[Stored data]
Segment Open
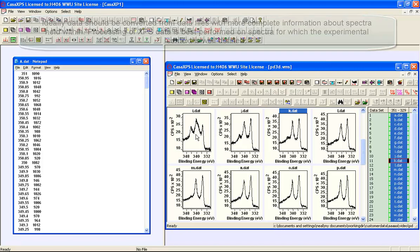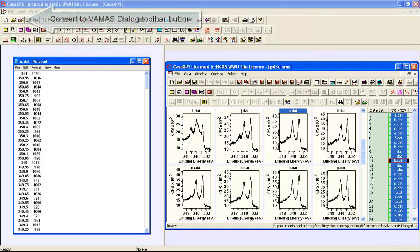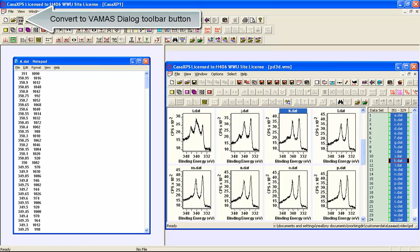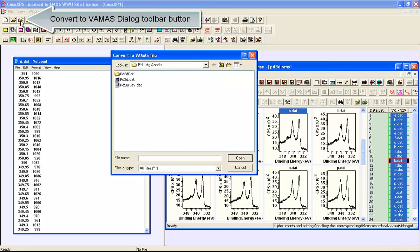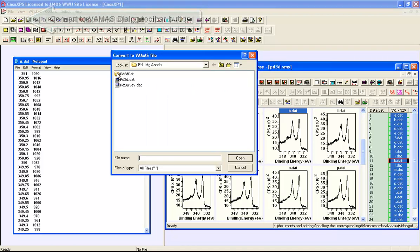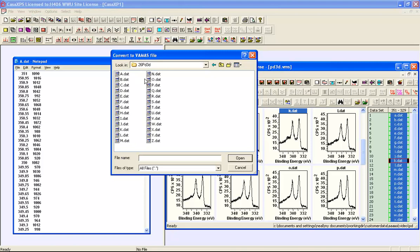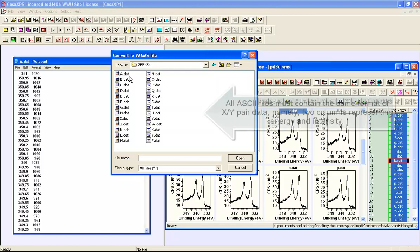To convert a directory we use an option that is convert to VAMAS file and we can then select a directory that contains the set of DAT files.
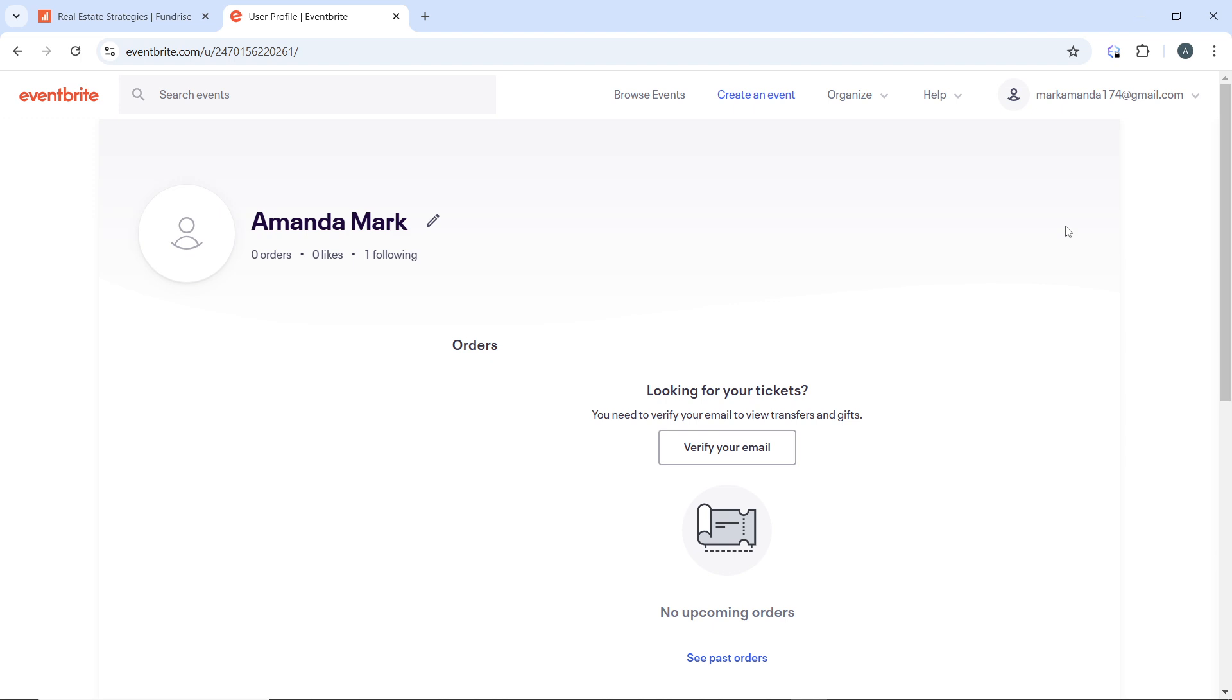You'll be prompted to enter the recipient's email address. This is the email address of the person to whom you want to transfer tickets. Some events may allow you to enter additional information about the recipient. If desired, you can add a personal message to the recipient - this step is often optional but can provide context for the transfer. Review the details of the transfer, including the tickets selected and the recipient's email address.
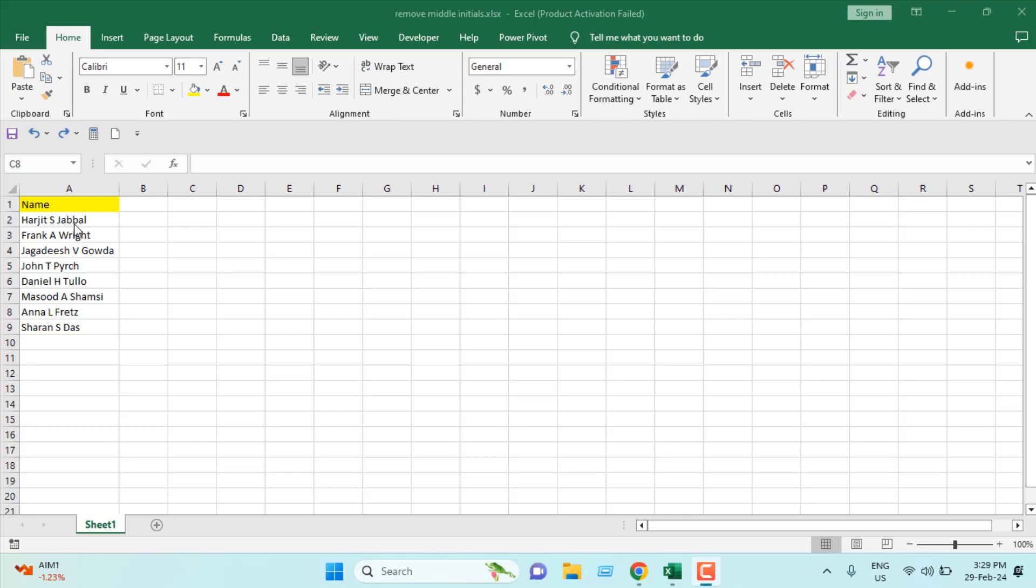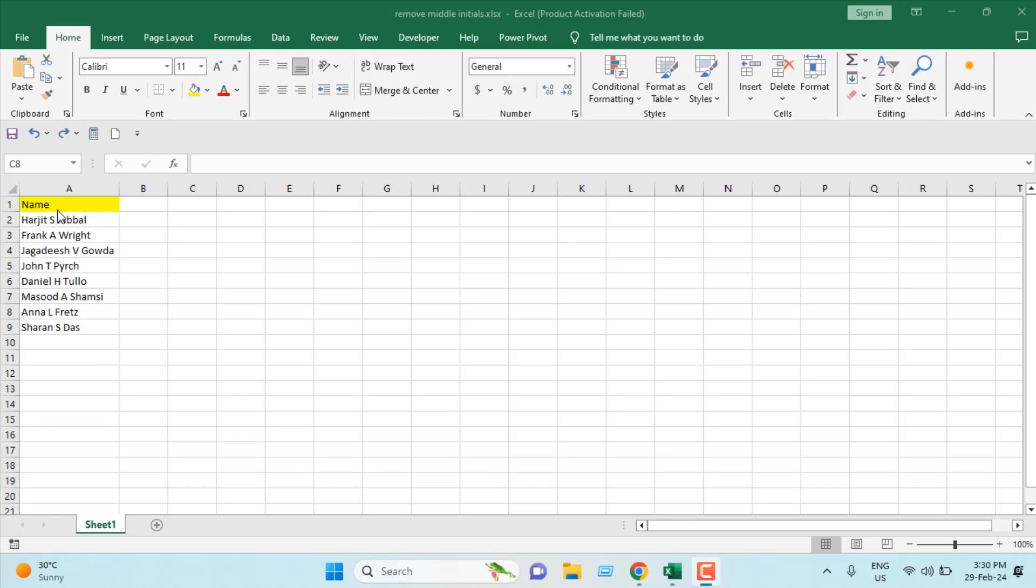Take a look at this workbook. We have full names in column A and I want to remove all the middle initials from them. Now each initial is different, so you can't remove a specific alphabet. You'll have to remove only the middle initials and leave the first name and last name as it is.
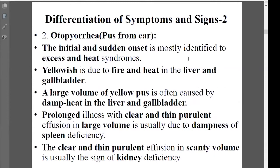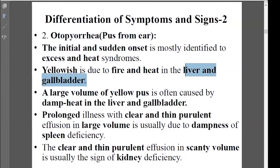The second symptom is pus or discharge coming from the ear. This kind of discharge coming from the ear is usually coming from excessive heat. This kind of excessive heat we say mainly comes from liver and gallbladder heat — an excessive kind of condition.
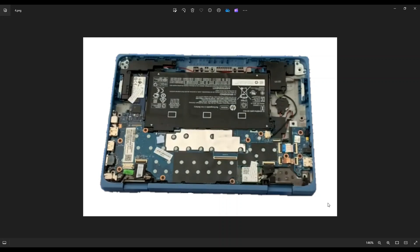Now as a general computer repair side note, whenever I'm working on a computer in my shop, it's sitting on an anti-static pad. Either that or an anti-static bracelet are great ideas to avoid damaging things in your computer when you're working on it.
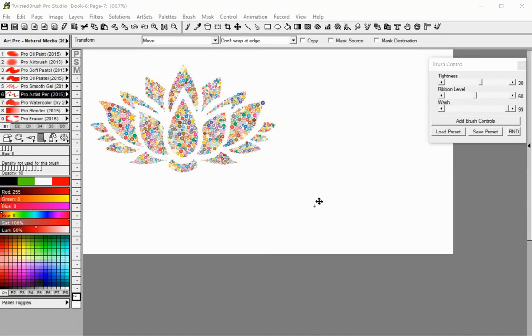Welcome to Twisted Brush Pro Studio. In this tutorial you will learn how to create a PDF slideshow. The PDF file format offers a lot of flexibility.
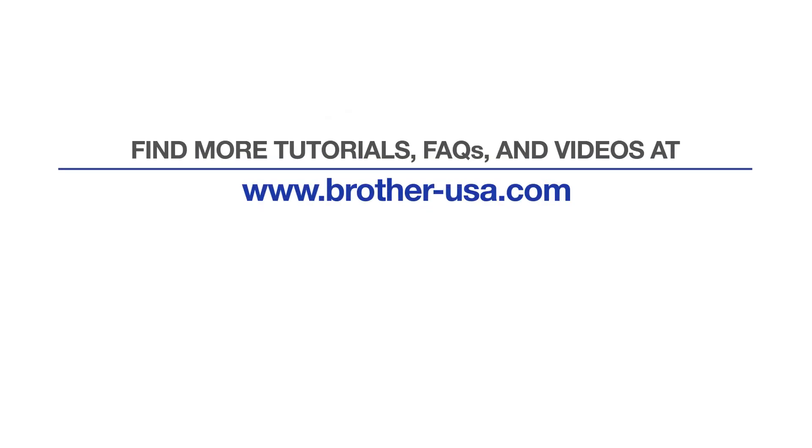For more tutorials, FAQs, and videos, visit us at brother-usa.com/support. If you found this video helpful, be sure to subscribe. Thank you for choosing Brother.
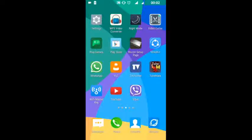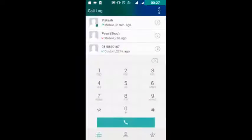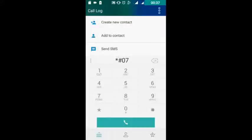Okay guys, now let's see how much radiation my Android phone produces. You can check yours too. The five characters are: star, hash, zero, seven, hash — *#07#. Listen carefully, or you can check my description down below. Just go to your phone and type this.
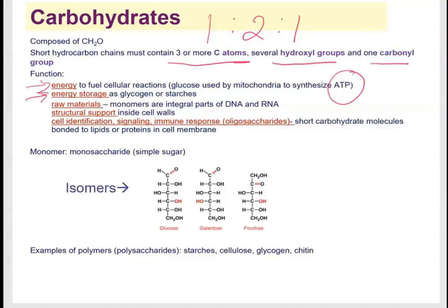Carbohydrates can also be stored for energy: animals store carbohydrates as glycogen, while plants store them as starches. Carbohydrates also serve as raw materials — for example, part of a nucleotide is sugar; DNA contains deoxyribose and RNA contains ribose. Carbohydrates are also found in cell walls: plants have cellulose, and fungi have chitin, both providing structural support.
Segment Closed
# Task to complete
With the images left out, set down every entry exactly.

# Solution for this exercise
To convert a directory we use an option that is convert to VAMAS file and we can then select a directory that contains the set of DAT files.
You'll be prompted to enter the recipient's email address. This is the email address of the person to whom you want to transfer tickets. Some events may allow you to enter additional information about the recipient. If desired, you can add a personal message to the recipient - this step is often optional but can provide context for the transfer. Review the details of the transfer, including the tickets selected and the recipient's email address.
Take a look at this workbook. We have full names in column A and I want to remove all the middle initials from them. Now each initial is different, so you can't remove a specific alphabet. You'll have to remove only the middle initials and leave the first name and last name as it is.
The second symptom is pus or discharge coming from the ear. This kind of discharge coming from the ear is usually coming from excessive heat. This kind of excessive heat we say mainly comes from liver and gallbladder heat — an excessive kind of condition.
Now as a general computer repair side note, whenever I'm working on a computer in my shop, it's sitting on an anti-static pad. Either that or an anti-static bracelet are great ideas to avoid damaging things in your computer when you're working on it.
Welcome to Twisted Brush Pro Studio. In this tutorial you will learn how to create a PDF slideshow. The PDF file format offers a lot of flexibility.
For more tutorials, FAQs, and videos, visit us at brother-usa.com/support. If you found this video helpful, be sure to subscribe. Thank you for choosing Brother.
Okay guys, now let's see how much radiation my Android phone produces. You can check yours too. The five characters are: star, hash, zero, seven, hash — *#07#. Listen carefully, or you can check my description down below. Just go to your phone and type this.
Carbohydrates can also be stored for energy: animals store carbohydrates as glycogen, while plants store them as starches. Carbohydrates also serve as raw materials — for example, part of a nucleotide is sugar; DNA contains deoxyribose and RNA contains ribose. Carbohydrates are also found in cell walls: plants have cellulose, and fungi have chitin, both providing structural support.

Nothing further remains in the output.